Thea- Honestly, they both said it perfectly this club helps people and engineers by creating a community and making people believe they can be engineers, so I think that’s really hitting home and exactly what we want to do.
What would be the goal of your initiatives at the end of the year?
Nicholas- For what I’ve been working on with one of our alumni’s Cole we’ve been working on having that mentorship program started. So in September we were able to reach out to upper year students looking to mentor first year students and create that initial connection. We also want to aim to have one event a month and those events will fall under our three pillars of academic support and professional development and fostering that community so we already had one event in early October and that was about transitioning to first year. That came from a Canadian experience and an international experience and we are planning to have an event at the end of November that is more professional development centered and that’s about bringing different companies together who have employee resource groups and they focus on black diversity. Kind of showcasing that and allowing students to come and ask questions, so kind of like a networking event.

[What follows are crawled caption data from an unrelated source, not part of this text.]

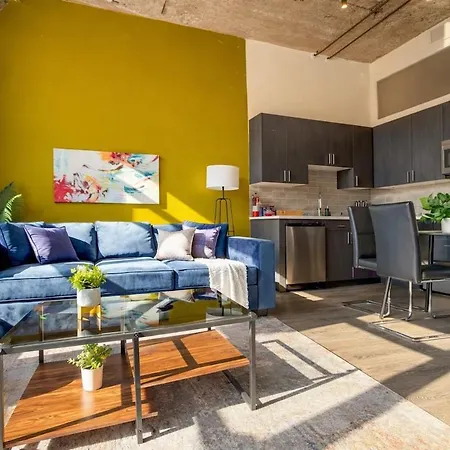 Mccormick Place 2br Stylish With Optional Parking And Gym For Up To 8 Guests Near Soldier Field And Grant Park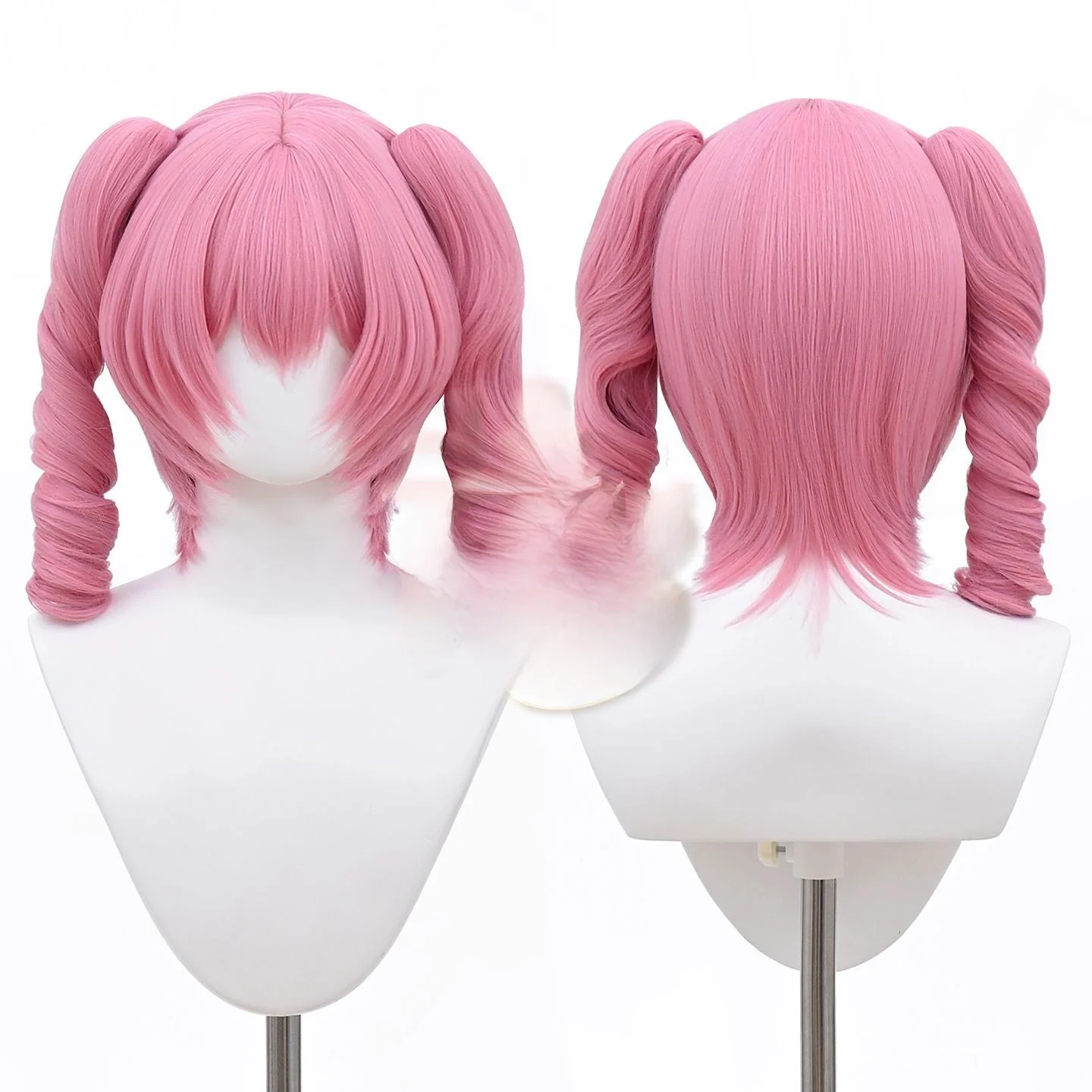 ピンク髪 ファッションに最適なコスプレウィッグ：日奈森アムのケーキスタイル
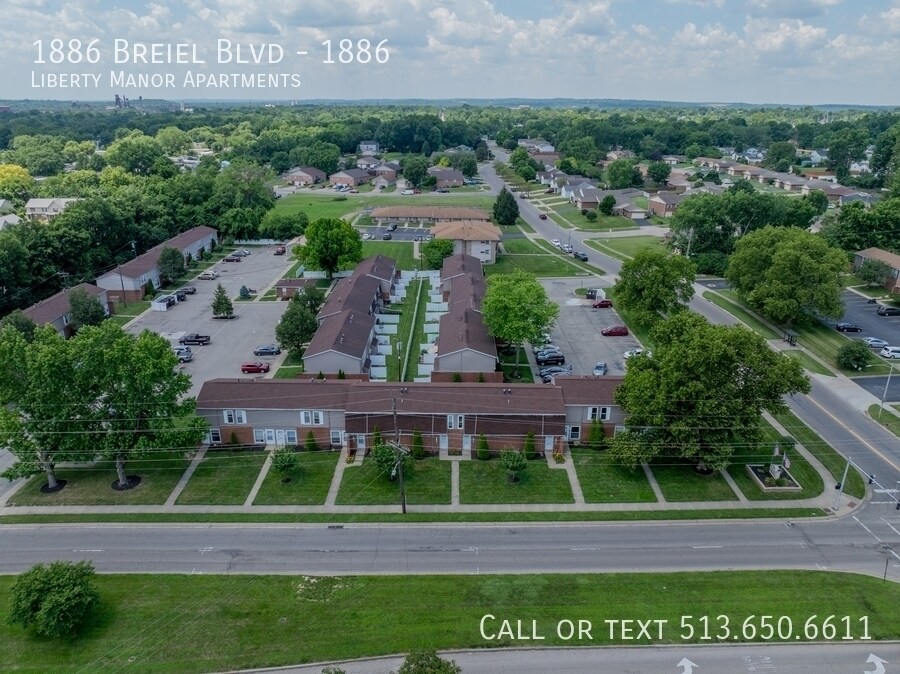 1886 S Breiel Blvd in Middletown, OH - Building Photo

Geneviève- yeah so with this being our first year, we are really working on those three pillars of professional development, academic support, and mentorship/community to foster a group of black engineers to be motivated and do great things in queen’s eng.
What is one misconception about your initiative?
Nicholas- One misconception is I think because it has the word black in the name that it’s only for black people. Obviously NSBE is a group that is created for black people, run by black people because we wanted to do that and because we needed to do that. Although the initiatives we run are going to be black centered, our first event it was open to everyone, for example. So, unless it’s specified that it’s a black-only space because that’s key to the event, all our initiatives are open to all engineers. Like for example with PD in November, it is a professional development event. It is black centered but it’s still an opportunity to network so it’s a space for people to take part. Our events are for black students and allies.
What change would you like to see How can other students help?
Thea- So basically, we want all black engineers to find and feel a sense of community at queen’s. That said, we find it’s not necessarily our job alone to create that sense of community. It’s something that all students can help us with. I think that it’s a community effort and it’s everyone that needs to make the difference. So, we definitely just want everyone to feel included here and I think that taking a look at your actions and seeing how they affect others is a good way to do that and also just being mindful that not everyone’s perspective and experience is the same is a great way to help us achieve our goal.
Geneviève – I really think the queen’s black academic society is a great resource for action tools and that’s who is kind of leading this and I think they are doing a really good job. We are more so geared toward engineering students and fostering that sense of community.
Nicholas- If you want to help give to black organizations speak up if you see something that is anti-black. It’s about having these conversations and being able to have uncomfortable conversations. I think that’s something we’ve missed at queen’s. Like, this level of normalcy that we don’t talk about race, especially in engineering, even though it’s such a white space. Marginalized students are so oppressed here but we’ve been ok with not discussing that so I think that if you want to help our organization as a student, start being more vocal about these things on campus.
What would you like to see the engineering faculty of queens do to help?
Geneviève – We are actively consulting with the dean and other faculty on other initiatives. Nick myself and some other engineers are on a task force and we meet with the dean. We are really excited about the work that’s being done there and really excited to continue it.